Le quotidien de la radiothérapie

À la quatrième séance de traitement, j'ai compris que tout ce mois allait se passer au rythme des passages quotidiens au service de radio oncologie

Bien que suivant le conseil du technicien, à savoir prévenir la douleur au bras et au dos en prenant un analgésique avant le traitement, je n'échappe pas totalement à la douleur, mais parviens à espacer la prise de morphine, mais non au triatec.

Déjà habituée à la promptitude du service, la 5e séance va se révéler plus cahoteuse. Ce vendredi 29 juin, l'humeur du temps est orageuse. À peine arrivée dans la salle d'attente pour mon rendez-vous de 14 h 45,  je lis sur le tableau blanc les retards des salles 1, 2 et 3 variant de 20 minutes ( 2 et 3) à 1 h 55 (salle 1). Le nombreux de patients impatients va croissant. Les conversations se multiplient. Je tente d’occulter les propos réactionnaires de quelques messieurs installés devant la télévision. Tous les préjugés y passent jusqu'à ce que le propos se fasse plus personnel. Une description détaillée de leurs ennuis de santé, de la vessie à la prostate. Face à moi, trois femmes échangent sur leur expérience. Je frémis en entendant l'une d'elle mentionner qu'après avoir combattu un premier cancer du sein, sans chimio, elle est en lutte pour un second. Elle ne se plaint pas. Elle se veut rassurante concernant les effets de la radiothérapie, fière de ne pas avoir perdu ses cheveux blonds et bouclés. 

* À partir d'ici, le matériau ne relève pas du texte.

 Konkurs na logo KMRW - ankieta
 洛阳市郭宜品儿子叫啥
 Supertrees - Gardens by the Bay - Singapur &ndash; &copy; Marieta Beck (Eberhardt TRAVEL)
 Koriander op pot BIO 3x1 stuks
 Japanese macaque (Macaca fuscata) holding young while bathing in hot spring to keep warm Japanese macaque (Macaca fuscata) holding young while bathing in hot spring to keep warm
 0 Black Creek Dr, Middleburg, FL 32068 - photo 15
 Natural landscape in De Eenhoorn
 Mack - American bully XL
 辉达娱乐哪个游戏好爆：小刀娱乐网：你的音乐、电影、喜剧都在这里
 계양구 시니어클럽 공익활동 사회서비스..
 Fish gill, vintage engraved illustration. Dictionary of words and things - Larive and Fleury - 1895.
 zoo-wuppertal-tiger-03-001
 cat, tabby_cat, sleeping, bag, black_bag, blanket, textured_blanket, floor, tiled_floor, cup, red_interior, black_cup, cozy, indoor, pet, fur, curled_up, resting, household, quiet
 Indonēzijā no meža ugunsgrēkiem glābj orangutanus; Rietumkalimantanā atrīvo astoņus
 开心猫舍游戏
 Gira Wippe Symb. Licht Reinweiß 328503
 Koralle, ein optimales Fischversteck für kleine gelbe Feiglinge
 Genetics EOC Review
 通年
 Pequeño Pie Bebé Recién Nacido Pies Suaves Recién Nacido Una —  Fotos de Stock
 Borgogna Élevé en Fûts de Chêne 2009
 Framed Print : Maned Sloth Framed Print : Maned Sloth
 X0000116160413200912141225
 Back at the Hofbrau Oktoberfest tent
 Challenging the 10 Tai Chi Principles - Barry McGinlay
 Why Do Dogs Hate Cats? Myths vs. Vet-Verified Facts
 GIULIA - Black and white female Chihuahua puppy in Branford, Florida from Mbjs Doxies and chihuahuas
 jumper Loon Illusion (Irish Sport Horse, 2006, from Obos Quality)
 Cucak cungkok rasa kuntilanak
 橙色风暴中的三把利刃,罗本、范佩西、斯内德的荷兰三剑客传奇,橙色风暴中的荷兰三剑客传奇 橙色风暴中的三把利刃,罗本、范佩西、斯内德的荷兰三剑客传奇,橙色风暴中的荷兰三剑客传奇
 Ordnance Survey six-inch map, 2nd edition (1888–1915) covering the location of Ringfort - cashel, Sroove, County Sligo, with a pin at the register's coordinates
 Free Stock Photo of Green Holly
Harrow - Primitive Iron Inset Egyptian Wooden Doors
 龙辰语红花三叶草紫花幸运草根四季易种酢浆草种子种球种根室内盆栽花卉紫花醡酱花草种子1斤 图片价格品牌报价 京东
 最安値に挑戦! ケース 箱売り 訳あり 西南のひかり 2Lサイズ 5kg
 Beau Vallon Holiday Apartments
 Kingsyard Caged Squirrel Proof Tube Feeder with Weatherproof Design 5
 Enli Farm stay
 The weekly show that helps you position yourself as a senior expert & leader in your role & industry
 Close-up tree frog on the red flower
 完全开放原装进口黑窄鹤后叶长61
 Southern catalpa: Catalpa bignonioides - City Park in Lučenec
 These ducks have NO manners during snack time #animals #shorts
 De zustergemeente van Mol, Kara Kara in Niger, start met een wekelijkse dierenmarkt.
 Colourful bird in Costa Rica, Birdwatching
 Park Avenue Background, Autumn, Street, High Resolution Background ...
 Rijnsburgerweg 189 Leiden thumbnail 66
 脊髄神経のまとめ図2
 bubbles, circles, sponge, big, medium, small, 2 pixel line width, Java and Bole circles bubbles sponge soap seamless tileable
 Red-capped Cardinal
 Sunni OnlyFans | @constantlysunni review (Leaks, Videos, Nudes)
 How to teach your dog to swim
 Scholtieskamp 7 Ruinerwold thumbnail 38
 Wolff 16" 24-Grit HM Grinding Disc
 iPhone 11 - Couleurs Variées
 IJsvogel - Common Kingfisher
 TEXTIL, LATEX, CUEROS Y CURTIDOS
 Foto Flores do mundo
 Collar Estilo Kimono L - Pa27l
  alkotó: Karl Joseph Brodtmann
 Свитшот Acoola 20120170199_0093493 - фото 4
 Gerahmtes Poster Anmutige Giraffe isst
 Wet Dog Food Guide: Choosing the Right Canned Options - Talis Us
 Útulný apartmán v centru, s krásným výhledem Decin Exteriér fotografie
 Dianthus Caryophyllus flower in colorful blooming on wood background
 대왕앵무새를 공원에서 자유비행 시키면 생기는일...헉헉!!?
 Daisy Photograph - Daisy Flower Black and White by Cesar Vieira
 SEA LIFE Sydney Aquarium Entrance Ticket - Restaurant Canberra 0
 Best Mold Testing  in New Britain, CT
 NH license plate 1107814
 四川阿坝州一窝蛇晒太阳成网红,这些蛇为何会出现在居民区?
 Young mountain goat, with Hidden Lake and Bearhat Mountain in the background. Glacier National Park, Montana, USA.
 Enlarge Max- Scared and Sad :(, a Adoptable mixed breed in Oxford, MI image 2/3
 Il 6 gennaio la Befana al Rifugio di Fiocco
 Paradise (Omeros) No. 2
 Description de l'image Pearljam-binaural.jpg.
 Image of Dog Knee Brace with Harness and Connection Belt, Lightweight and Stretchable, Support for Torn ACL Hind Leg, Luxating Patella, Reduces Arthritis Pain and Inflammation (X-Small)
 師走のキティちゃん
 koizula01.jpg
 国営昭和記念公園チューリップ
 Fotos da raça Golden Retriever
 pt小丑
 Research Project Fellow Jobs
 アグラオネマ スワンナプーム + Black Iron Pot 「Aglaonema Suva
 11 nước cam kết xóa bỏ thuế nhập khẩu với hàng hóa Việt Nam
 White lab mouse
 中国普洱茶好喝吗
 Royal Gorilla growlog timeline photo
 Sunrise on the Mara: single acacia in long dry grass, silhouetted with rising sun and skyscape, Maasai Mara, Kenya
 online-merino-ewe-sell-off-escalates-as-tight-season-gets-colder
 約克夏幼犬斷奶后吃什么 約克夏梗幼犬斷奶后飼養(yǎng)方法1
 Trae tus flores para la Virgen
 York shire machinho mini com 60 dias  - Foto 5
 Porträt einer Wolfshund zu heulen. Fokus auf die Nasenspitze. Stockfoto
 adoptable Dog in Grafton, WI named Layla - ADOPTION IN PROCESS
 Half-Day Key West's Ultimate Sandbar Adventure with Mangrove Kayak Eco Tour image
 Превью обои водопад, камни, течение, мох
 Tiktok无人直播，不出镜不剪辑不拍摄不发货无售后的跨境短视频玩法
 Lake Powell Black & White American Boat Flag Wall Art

Le retard s'accentue. Les orages provoquent de courtes pannes d'électricité. Or une interruption, même très courte, exige une vérification de toutes les machines. Afin de gagner un peu de temps, chacune est appelée pour redessiner les tracés rouges qui, en prévision des douches de la fin de semaine, sont protégés par un ruban collant transparent. J'y passe à 15 h. Je choisis de retourner dans la salle d'attente en jaquette d'hôpital pour éviter un second déshabillage. J'en couvre l'inélégance par ma veste, laquelle fait l'envie des autres qui commencent à mal supporter le froid de la salle d'attente. Bon samaritain, le concierge distribuera quelques couvertures. Il est sympathique cet homme; saluant les patients qui le croisent pour montrer qu'ils ne sont ni anonymes, ni invisibles. Je le rencontrerai à d'autres étages où nous échangeront sourire et bonjour comme de vieilles connaissances. À 17 h, je suis enfin priée de me diriger en salle 1. Quelques minutes pour bien m'installer sur la table avant de lancer les radiations et voilà que survient une nouvelle interruption de courant. À peine quelques secondes. Il faut recalibrer la machine. Retour  en attente jusqu'à 18 h 30. Pas de grogne. Tous les patients comprennent le problème. Une employée confie qu'en dix ans de travail au centre, c'est la première fois qu'elle voit une telle succession de pannes. 

Encore trois jours pour récupérer. Fatigue, frilosité, nausées, mal à l'estomac et dos douloureux, le sein lui me semble moins enflé et moins brûlant. Par contre je réagis mal à l’œdème spectaculaire de mes pieds. Est-ce un effet inattendu de la radiothérapie?

Mardi 3 juillet, les techniciens admettent que la plupart des effets énoncés peuvent être une conséquence de la radiothérapie, précisant que la chimiothérapie n'a pas fini non plus de se manifester, mais l’œdème n'en fait pas partie.

Mercredi 4 juillet, seconde rencontre avec l'oncologue. Il atténue mon angoisse pour certains symptômes : estomac, toux, taches brunes sur le sein. L'enflure de mes pieds l'alerte cependant. 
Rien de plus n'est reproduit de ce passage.